Harrypotter7It takes the absence of the "self" to make one happy.  This is one philosophy that I have learned lately.  Yesterday, I got hold news from my kid brother that he finally found work in Powerbooks Alabang Town Center which is so near our home.  I am so happy for and proud of him.  Words are not enough to express how happy I am knowing that he will be starting this Wednesday.  Now, it gives me another reason to visit the store at least once a week.  My kid brother is so lucky to see that the crates of the Harry Potter and the Deathly Hallows have arrived already.  Not bad for a soon to be 21-year-old who will become a part of history as armadas of kids and adolescents troop to bookstores eager to know the fate of Harry and his friends.  I am due to get my copy on Saturday, July 21st, in the same store where he will be working! 

The moment I received the news, all it took was the absence of myself to make me happy.  Lately, I was wallowing in my own self-pity and sadness but it dissipates once you are truly happy for someone .  And it feels great!  I guess I’m just trying to be an ideal big brother.  I know I am not perfect but I’m capable of making amends.  In those moments when my ego is absent, it felt like life was a whole lot better.   Again, my life may not be perfect but I like it the way it is.  When I was a little kid, I always wished for a bigger family.  But when dad died, there is just too much room for everyone else in this so-called life of mine.  For one thing, as a kid, I didn’t know how it feels like to be spoiled, I am independent and self-sufficient most of the time which surprisingly are traits that I still carry with me to this very day.  As a kid, I learned to do well and to be nice to others but not to expect the same in return.  Eventually, this led me to believe that I answer my own prayers most of the time. 

For the past few weeks, I may be my usual perky self in work and in school but deep down inside I am really down and out.  Though I may show a sheepish smile and greet and agreeably nod to people, I am just not the same energetic person I was.  Now, I think I am a striking balance of realistic and idealistic.

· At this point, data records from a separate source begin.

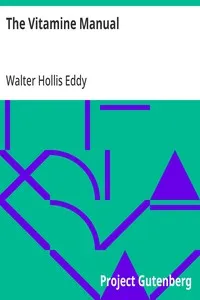 The Vitamine Manual — Walter Hollis Eddy cover
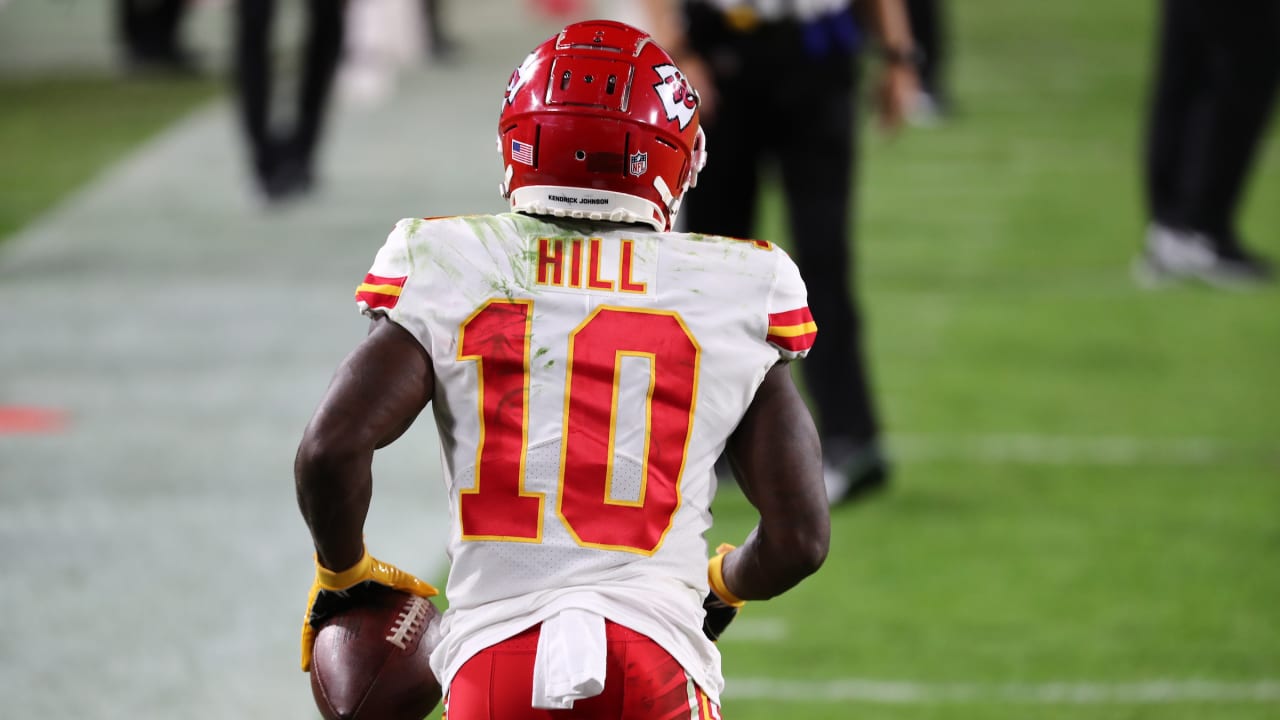 Dolphins' Tyreek Hill: Lack of targets behind Chiefs exit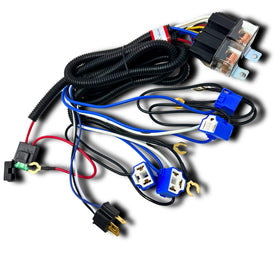 All Star Truck Parts harness front packaging showing contents and benefits
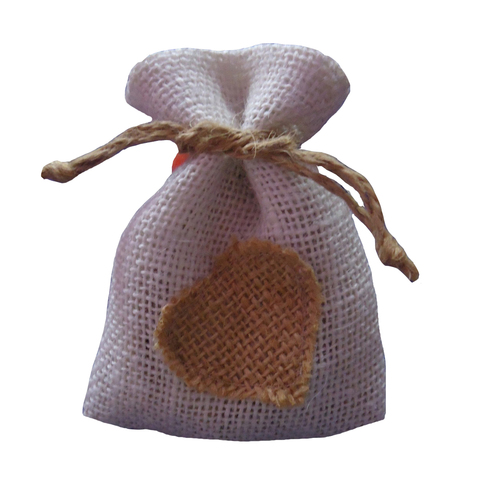 Drawstring Jute Bag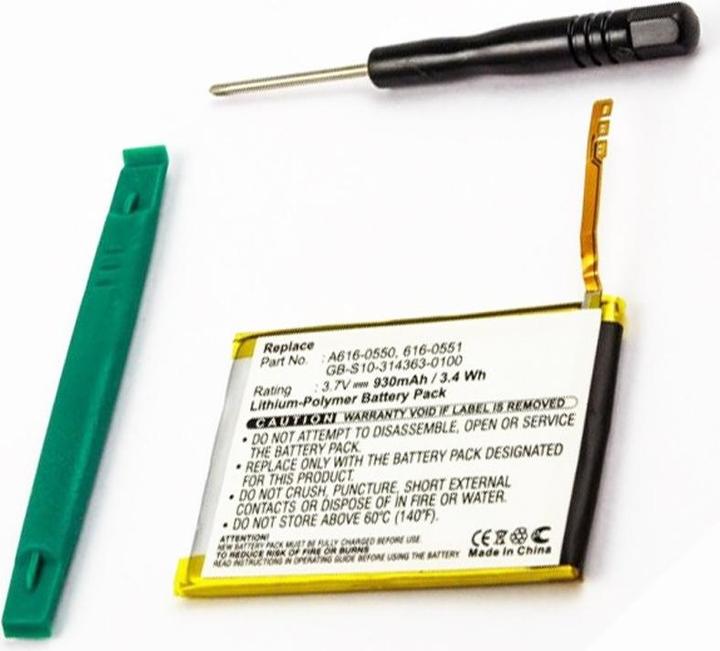 Produktbild AccuCell Akku iPod Touch 4th Generation 616-0551, 616-0550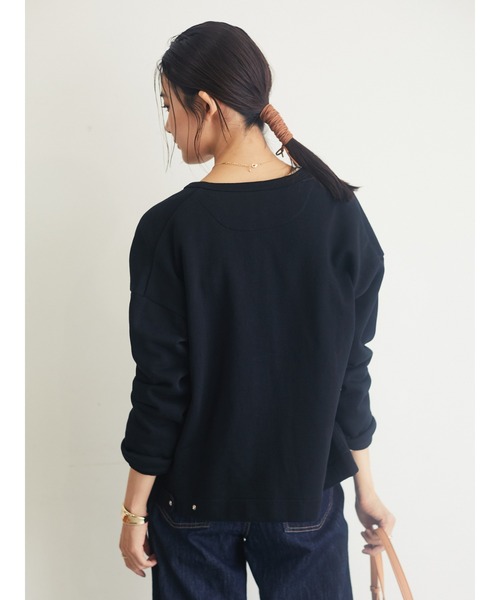 「CRAFT STANDARD BOUTIQUE」 カーディガン M グレー系その他 レディース_画像6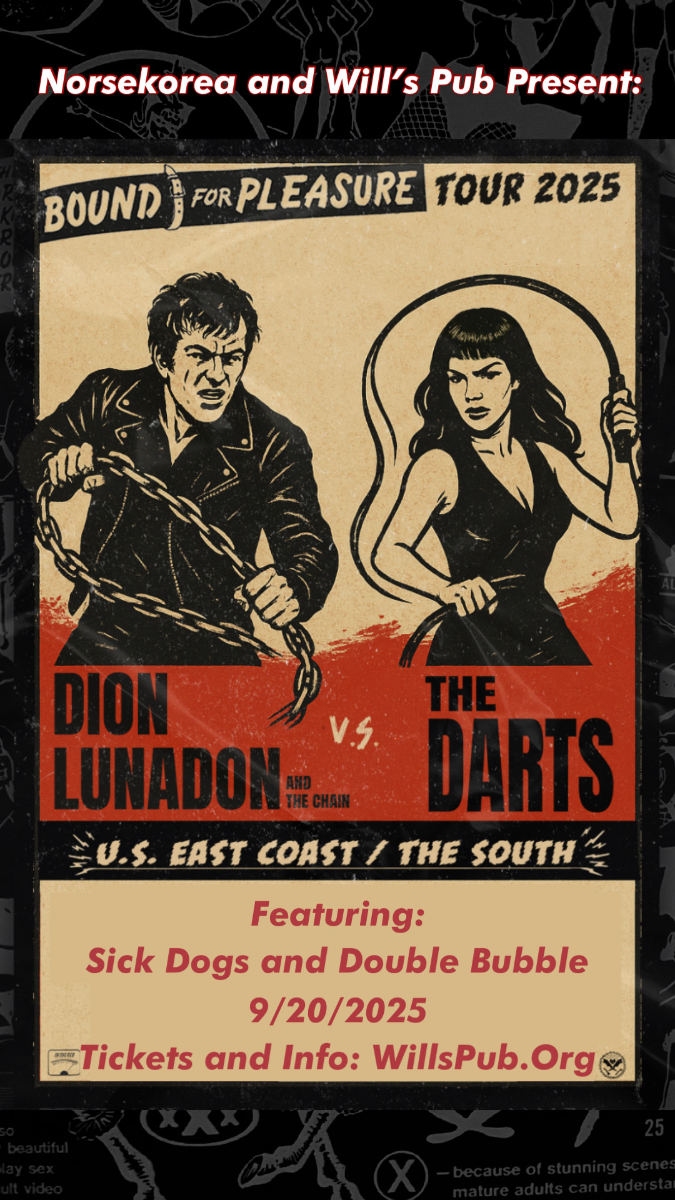 Dion Lunadon and The Chain, The Darts, Sick Dogs, and Double Bub...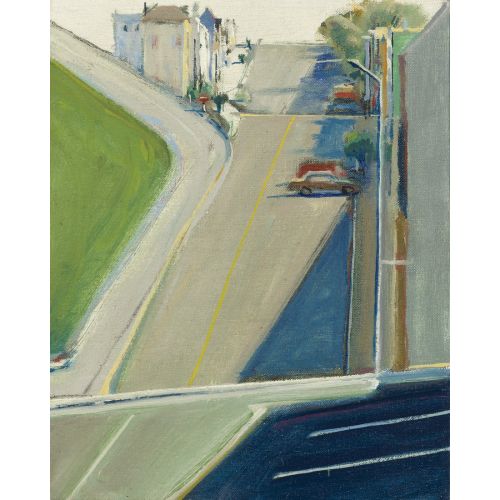 Wayne Thiebaud, Aşağı Penn Caddesi Wayne Thiebaud, Aşağı Penn Caddesi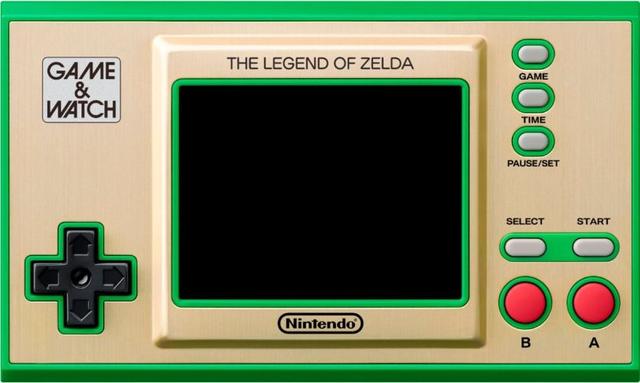 Nintendo Game Watch The Legend of Zelda 3 Series Defining Games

But thank God for an answered prayer, it seems like life is getting better by the day.  When God closes a door, He opens a window.  The breeze just blew in. 

Two cute little kittens are now a part of our family. 

Alanismorissettethanku_1This next song saved my soul when I was nineteen, a time in my life that I would rather forget from start to finish.  It is only now that I realized how powerful the title of this song is despite the metaphors embedded in the rest of the lyrics.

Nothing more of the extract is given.